What you have to do:
Would you please transcribe, exactly as written, the lines of the entries below starting at the one that holds "classic crossover groß" and ending at the one that holds "FabEscape Orient Royal", both included?

[Items listed in a dataset]
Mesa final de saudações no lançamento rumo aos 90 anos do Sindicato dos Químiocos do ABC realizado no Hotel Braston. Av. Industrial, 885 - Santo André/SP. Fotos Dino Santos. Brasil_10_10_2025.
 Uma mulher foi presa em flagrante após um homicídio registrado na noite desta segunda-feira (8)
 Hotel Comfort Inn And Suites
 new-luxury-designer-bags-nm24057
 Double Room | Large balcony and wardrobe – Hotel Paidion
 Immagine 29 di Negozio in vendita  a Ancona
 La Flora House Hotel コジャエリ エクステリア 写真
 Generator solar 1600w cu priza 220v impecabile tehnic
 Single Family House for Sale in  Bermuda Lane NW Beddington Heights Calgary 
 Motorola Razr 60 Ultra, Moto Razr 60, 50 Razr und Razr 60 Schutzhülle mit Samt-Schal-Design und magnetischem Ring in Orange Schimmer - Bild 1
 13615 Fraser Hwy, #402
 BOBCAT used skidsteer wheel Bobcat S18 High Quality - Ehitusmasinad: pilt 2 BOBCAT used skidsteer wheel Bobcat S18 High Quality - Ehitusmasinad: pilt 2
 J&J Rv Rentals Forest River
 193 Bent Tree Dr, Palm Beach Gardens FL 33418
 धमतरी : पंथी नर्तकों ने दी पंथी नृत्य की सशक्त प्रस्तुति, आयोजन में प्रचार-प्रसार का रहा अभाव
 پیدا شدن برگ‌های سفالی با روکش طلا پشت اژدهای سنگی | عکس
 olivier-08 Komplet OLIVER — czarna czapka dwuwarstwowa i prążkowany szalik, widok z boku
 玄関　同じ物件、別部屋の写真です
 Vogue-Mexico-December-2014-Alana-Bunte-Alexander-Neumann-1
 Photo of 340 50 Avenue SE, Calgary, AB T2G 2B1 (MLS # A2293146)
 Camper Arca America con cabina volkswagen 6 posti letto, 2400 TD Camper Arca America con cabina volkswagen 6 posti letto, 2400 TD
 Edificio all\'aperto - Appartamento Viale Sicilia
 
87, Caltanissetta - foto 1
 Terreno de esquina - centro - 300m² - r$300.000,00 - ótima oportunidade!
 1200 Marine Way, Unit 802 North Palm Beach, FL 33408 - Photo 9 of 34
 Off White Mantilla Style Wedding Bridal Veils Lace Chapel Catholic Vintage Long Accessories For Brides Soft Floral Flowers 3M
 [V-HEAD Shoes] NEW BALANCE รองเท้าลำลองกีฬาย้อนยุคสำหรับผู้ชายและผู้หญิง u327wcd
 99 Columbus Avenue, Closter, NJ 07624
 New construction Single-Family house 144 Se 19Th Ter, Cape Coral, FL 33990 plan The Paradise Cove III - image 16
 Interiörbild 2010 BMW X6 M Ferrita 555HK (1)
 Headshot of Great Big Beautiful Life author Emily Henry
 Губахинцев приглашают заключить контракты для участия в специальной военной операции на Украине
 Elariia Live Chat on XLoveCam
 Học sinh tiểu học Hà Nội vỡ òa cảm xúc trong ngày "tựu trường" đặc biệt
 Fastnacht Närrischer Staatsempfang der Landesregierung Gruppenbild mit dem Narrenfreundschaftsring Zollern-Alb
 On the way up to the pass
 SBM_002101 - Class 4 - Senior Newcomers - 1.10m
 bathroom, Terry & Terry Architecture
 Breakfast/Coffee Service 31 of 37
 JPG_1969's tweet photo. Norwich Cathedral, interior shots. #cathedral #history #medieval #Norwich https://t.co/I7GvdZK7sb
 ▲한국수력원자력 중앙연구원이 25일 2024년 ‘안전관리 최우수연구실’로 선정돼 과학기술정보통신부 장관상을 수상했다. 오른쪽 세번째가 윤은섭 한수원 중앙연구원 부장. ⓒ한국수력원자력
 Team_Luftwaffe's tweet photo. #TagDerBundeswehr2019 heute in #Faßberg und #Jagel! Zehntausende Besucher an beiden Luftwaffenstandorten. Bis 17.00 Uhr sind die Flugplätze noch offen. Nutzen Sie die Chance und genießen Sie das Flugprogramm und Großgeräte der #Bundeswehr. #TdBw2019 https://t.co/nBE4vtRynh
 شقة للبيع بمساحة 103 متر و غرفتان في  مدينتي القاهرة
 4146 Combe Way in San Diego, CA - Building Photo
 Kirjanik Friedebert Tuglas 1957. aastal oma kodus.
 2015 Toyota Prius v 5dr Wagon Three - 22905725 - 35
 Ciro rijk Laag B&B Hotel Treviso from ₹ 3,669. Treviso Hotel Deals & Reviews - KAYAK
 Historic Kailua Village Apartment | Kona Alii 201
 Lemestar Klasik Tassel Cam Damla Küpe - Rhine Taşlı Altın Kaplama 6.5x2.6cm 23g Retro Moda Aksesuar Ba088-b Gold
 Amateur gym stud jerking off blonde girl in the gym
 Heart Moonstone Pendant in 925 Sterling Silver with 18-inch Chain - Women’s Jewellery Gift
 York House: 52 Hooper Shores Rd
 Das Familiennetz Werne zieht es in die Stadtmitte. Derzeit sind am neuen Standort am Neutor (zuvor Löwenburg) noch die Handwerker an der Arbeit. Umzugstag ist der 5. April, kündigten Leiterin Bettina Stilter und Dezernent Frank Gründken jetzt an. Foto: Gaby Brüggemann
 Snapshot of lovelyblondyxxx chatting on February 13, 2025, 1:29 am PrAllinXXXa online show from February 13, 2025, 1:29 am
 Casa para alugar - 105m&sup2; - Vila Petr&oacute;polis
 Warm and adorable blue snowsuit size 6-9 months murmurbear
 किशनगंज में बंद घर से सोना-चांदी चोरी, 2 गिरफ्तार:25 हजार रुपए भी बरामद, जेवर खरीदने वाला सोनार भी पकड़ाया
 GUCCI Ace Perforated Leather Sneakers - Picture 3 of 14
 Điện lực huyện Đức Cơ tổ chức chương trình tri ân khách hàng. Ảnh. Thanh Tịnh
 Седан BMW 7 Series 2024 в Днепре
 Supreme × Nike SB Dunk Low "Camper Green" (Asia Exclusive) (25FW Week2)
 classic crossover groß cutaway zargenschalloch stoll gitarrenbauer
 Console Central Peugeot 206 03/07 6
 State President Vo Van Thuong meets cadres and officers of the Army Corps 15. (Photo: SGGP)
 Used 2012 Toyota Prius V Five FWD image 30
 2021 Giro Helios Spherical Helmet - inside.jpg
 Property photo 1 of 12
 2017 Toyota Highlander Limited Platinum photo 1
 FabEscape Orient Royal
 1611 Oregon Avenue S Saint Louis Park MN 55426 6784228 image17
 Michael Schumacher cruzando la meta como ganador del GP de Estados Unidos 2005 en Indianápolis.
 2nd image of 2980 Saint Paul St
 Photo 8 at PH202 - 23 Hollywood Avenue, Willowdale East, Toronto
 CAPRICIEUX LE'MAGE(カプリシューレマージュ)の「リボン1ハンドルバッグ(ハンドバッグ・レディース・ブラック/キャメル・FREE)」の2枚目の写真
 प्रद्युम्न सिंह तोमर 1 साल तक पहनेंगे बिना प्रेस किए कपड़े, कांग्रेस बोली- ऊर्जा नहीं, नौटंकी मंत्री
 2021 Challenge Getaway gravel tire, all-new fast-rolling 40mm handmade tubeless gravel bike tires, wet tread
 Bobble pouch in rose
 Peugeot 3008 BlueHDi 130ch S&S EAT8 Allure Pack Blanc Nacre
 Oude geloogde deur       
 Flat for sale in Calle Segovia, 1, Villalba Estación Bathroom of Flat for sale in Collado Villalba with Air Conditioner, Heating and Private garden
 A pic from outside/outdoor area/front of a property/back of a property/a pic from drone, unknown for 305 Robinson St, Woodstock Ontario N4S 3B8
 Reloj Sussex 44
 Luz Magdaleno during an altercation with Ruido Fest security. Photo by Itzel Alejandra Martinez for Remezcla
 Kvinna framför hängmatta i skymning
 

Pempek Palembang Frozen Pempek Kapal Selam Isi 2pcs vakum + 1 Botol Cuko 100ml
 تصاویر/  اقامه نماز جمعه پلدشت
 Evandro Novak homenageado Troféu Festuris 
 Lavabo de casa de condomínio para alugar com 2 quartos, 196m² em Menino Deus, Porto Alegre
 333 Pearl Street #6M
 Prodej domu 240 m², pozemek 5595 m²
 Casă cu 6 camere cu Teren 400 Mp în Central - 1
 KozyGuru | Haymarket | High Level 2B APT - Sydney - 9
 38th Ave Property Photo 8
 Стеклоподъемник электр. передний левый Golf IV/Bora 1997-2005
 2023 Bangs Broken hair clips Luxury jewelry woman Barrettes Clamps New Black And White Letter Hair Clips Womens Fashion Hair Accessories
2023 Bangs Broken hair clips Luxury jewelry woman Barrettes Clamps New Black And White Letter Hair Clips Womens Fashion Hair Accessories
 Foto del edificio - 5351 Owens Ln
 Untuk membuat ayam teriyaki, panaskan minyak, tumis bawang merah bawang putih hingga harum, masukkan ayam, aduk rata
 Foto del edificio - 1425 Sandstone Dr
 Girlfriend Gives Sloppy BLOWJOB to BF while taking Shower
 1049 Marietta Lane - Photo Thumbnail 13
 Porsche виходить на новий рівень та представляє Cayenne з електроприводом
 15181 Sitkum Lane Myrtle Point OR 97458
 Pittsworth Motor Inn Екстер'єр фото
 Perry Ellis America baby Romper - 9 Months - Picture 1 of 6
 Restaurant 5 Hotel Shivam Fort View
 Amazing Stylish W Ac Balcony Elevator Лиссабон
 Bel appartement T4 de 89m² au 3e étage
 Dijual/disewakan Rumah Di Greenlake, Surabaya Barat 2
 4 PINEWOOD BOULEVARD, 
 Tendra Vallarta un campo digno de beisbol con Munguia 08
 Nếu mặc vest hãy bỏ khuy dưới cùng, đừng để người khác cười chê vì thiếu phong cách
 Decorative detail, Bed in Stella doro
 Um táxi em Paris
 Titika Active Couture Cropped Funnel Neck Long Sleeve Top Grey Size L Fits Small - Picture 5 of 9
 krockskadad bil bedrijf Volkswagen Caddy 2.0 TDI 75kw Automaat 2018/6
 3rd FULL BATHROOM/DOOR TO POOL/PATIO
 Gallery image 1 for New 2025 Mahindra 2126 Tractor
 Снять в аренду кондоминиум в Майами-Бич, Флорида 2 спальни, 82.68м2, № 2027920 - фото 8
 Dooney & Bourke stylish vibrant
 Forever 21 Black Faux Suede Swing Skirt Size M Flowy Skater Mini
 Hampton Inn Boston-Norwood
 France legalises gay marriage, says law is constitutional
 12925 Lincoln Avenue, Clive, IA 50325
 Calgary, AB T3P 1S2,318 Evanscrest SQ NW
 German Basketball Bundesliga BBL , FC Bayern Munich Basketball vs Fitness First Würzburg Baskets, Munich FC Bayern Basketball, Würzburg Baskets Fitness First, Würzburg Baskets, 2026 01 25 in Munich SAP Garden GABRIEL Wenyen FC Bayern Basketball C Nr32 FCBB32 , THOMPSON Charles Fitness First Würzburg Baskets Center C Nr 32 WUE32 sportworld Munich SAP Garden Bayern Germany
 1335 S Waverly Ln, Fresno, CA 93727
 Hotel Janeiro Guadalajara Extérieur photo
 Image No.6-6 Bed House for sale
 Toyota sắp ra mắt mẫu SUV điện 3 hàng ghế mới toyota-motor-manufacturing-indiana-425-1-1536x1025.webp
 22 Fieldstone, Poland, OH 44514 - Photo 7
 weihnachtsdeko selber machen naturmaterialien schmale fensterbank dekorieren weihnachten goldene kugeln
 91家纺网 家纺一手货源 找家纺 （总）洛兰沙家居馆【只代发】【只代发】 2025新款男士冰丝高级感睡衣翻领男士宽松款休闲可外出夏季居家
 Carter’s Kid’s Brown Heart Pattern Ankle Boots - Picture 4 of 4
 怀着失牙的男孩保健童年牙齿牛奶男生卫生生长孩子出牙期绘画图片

Reply to the exercise:
 classic crossover groß cutaway zargenschalloch stoll gitarrenbauer
 Console Central Peugeot 206 03/07 6
 State President Vo Van Thuong meets cadres and officers of the Army Corps 15. (Photo: SGGP)
 Used 2012 Toyota Prius V Five FWD image 30
 2021 Giro Helios Spherical Helmet - inside.jpg
 Property photo 1 of 12
 2017 Toyota Highlander Limited Platinum photo 1
 FabEscape Orient Royal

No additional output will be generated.